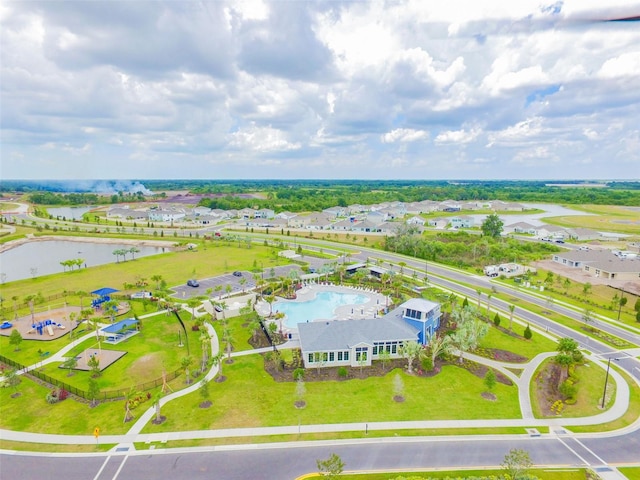 drone / aerial view with a residential view and a water view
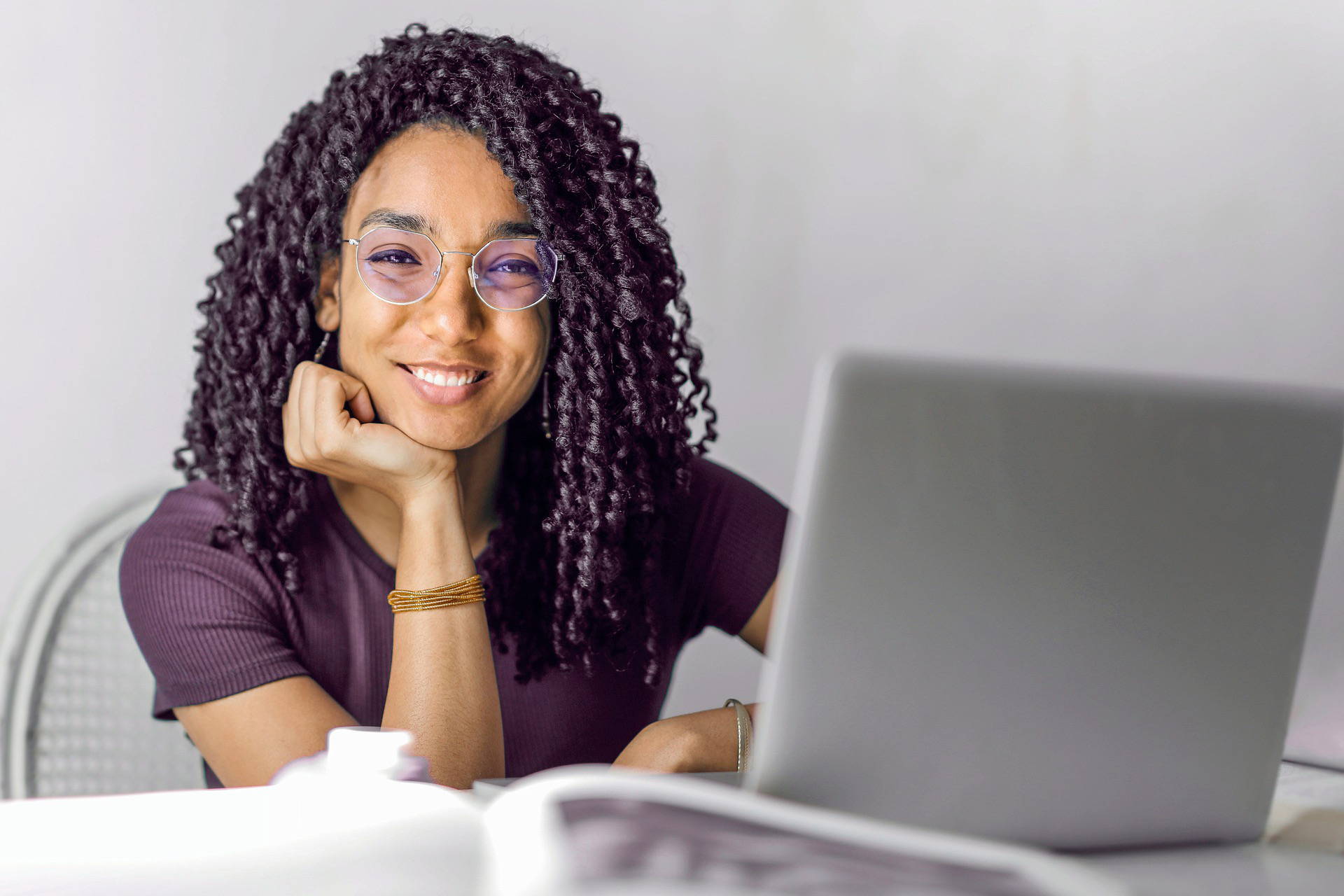 Femme portant des lunettes rondes bloquant la lumière bleue, assise devant l'ordinateur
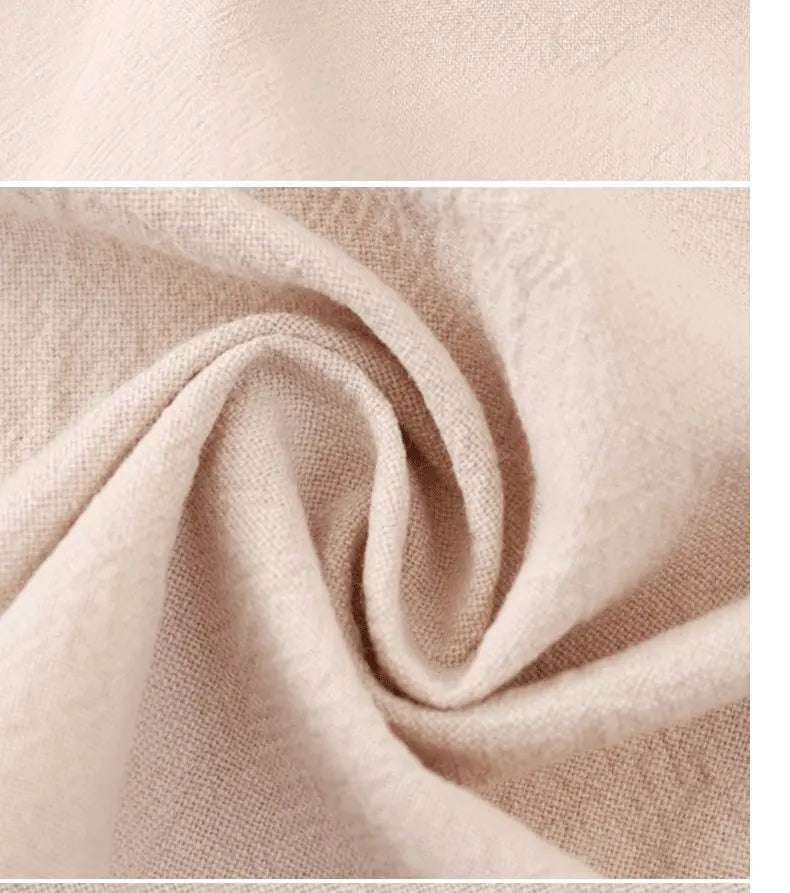 Close-up of a beige cotton kitchen apron fabric showing soft folds and texture.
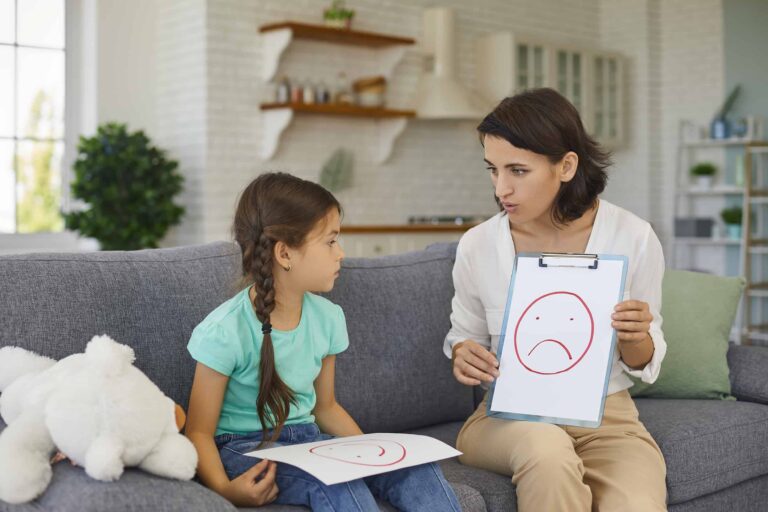 Psychologist with picture of unhappy emoji helping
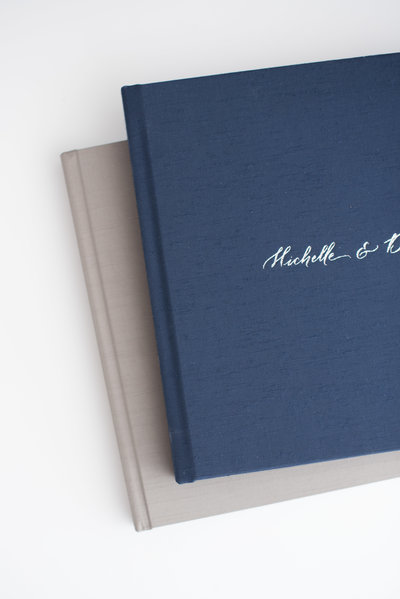 Elegant custom engagement photo albums in navy blue and taupe linen covers — offered by Charlotte’s top-rated proposal photographer DeLong Photography.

Problem requirements » All of the records need to be reproduced exactly, with each picture omitted.

Answer area »
 drone / aerial view with a residential view and a water view
 Femme portant des lunettes rondes bloquant la lumière bleue, assise devant l'ordinateur
 Close-up of a beige cotton kitchen apron fabric showing soft folds and texture.
 Psychologist with picture of unhappy emoji helping
 Elegant custom engagement photo albums in navy blue and taupe linen covers — offered by Charlotte’s top-rated proposal photographer DeLong Photography.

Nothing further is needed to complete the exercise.